## PROBLEM
Print all the records exactly, please.
*** DATASET RECORDS Section Begins ***
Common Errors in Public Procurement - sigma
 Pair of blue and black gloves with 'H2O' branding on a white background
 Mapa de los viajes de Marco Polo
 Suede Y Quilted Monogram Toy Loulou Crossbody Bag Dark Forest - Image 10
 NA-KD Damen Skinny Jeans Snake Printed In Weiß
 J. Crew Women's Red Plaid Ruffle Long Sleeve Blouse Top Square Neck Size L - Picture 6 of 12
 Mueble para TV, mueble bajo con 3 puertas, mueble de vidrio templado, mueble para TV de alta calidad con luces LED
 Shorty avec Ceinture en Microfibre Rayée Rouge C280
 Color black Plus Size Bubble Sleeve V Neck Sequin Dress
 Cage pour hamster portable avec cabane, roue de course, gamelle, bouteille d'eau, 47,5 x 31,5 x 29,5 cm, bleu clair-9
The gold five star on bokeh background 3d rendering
*** DATASET RECORDS Section Ends ***
## SOLUTION TO THIS EXERCISE
Common Errors in Public Procurement - sigma
 Pair of blue and black gloves with 'H2O' branding on a white background
 Mapa de los viajes de Marco Polo
 Suede Y Quilted Monogram Toy Loulou Crossbody Bag Dark Forest - Image 10
 NA-KD Damen Skinny Jeans Snake Printed In Weiß
 J. Crew Women's Red Plaid Ruffle Long Sleeve Blouse Top Square Neck Size L - Picture 6 of 12
 Mueble para TV, mueble bajo con 3 puertas, mueble de vidrio templado, mueble para TV de alta calidad con luces LED
 Shorty avec Ceinture en Microfibre Rayée Rouge C280
 Color black Plus Size Bubble Sleeve V Neck Sequin Dress
 Cage pour hamster portable avec cabane, roue de course, gamelle, bouteille d'eau, 47,5 x 31,5 x 29,5 cm, bleu clair-9
The gold five star on bokeh background 3d rendering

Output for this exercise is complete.